I am trying to understand a statement from http://arxiv.org/abs/1312.1562, saying "... $H^1(\Sigma^x,T\Sigma) = 0$ since $H^1(\Sigma^x,\mathcal{O}) = 0$ and the Mittag-Leffler problem is solvable on the non-compact Riemann surface $\Sigma^x = \Sigma\backslash\{X\}$." (p.16). Here $\Sigma$ is a compact Riemann surface, $X\in\Sigma$ and $T\Sigma$ is the holomorphic tangent sheaf.
To my understanding, the second and third statement of the quote are equivalent, but how does the first one ($H^1(\Sigma^x,T\Sigma) = 0$) follow? Can the holomorphic tangent sheaf of a non-compact Riemann surface be identified with the sheaf of holomorphic functions?

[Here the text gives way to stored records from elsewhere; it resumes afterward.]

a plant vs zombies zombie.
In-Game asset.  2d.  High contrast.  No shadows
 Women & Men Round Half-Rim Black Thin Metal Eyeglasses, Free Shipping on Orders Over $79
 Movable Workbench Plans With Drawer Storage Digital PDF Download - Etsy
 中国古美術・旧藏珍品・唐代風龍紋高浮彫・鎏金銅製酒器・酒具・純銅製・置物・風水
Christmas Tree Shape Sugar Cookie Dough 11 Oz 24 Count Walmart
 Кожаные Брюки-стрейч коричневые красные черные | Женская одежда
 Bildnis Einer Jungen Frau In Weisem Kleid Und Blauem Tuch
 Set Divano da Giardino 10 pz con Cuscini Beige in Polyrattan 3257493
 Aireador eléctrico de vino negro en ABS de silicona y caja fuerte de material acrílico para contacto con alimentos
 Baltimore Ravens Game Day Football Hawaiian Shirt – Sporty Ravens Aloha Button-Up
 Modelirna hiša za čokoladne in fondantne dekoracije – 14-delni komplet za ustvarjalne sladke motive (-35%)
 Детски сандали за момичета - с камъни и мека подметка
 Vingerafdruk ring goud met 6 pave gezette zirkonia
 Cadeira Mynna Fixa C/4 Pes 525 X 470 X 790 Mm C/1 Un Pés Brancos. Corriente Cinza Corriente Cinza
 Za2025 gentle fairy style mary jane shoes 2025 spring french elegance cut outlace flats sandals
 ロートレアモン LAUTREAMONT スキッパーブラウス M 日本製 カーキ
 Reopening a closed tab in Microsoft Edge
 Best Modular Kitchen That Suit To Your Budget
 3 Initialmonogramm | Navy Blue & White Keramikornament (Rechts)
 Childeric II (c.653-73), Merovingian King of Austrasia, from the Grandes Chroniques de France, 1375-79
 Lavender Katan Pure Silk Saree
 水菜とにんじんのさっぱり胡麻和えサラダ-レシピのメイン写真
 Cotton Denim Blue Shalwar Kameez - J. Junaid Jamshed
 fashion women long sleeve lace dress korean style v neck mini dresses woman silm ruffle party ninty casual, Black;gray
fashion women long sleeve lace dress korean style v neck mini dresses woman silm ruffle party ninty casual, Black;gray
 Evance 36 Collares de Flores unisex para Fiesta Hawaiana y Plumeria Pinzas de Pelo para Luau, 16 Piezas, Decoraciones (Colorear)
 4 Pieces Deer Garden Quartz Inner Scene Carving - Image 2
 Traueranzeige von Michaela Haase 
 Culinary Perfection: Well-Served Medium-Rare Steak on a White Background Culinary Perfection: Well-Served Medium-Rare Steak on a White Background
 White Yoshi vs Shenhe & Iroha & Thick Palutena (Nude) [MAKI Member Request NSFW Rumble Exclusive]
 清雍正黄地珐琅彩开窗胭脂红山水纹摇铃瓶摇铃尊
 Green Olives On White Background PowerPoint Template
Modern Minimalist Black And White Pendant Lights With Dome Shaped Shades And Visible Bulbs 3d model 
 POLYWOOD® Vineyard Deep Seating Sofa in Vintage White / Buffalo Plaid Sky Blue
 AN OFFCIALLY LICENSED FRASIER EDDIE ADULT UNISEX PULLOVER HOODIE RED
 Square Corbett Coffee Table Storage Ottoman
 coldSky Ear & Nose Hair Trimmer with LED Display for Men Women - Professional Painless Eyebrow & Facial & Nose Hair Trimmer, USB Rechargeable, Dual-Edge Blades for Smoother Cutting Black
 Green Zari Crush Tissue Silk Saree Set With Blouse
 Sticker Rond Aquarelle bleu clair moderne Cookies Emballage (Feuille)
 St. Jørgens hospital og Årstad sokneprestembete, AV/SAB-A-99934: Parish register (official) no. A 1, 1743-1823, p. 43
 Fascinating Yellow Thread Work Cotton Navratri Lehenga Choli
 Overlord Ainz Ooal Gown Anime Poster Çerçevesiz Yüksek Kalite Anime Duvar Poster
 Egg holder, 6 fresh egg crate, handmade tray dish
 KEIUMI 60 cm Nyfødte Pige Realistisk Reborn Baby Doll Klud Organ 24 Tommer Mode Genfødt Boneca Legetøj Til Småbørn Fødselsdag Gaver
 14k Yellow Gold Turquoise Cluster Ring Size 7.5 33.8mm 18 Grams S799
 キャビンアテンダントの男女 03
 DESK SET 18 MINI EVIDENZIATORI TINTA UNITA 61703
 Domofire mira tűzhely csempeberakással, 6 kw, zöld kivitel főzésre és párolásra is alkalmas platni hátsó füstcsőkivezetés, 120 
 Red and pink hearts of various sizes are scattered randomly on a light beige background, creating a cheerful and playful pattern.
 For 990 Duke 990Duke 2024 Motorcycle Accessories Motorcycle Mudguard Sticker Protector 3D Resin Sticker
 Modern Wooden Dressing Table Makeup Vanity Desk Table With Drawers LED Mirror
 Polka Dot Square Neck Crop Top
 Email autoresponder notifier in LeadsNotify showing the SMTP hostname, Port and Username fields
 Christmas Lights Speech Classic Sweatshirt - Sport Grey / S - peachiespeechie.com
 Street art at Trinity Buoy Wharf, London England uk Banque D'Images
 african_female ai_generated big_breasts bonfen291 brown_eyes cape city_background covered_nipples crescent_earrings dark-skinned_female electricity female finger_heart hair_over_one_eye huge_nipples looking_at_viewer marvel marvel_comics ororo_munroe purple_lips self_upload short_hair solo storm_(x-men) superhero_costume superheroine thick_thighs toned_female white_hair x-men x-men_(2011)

Yes, the tangent sheaf of a non-compact Riemann surface $X$ can be identified with the sheaf of holomorphic functions:
Any holomorphic locally free sheaf of any rank on a non-compact Riemann surface is holomorphically trivial !
Amazing, eh?
You can find a proof on page 229 of Forster's masterful book.
Edit
At Jason's request let me translate the displayed statement into an equivalent one not involving sheaves:
Any holomorphic vector bundle of any rank on a non-compact Riemann surface is holomorphically trivial !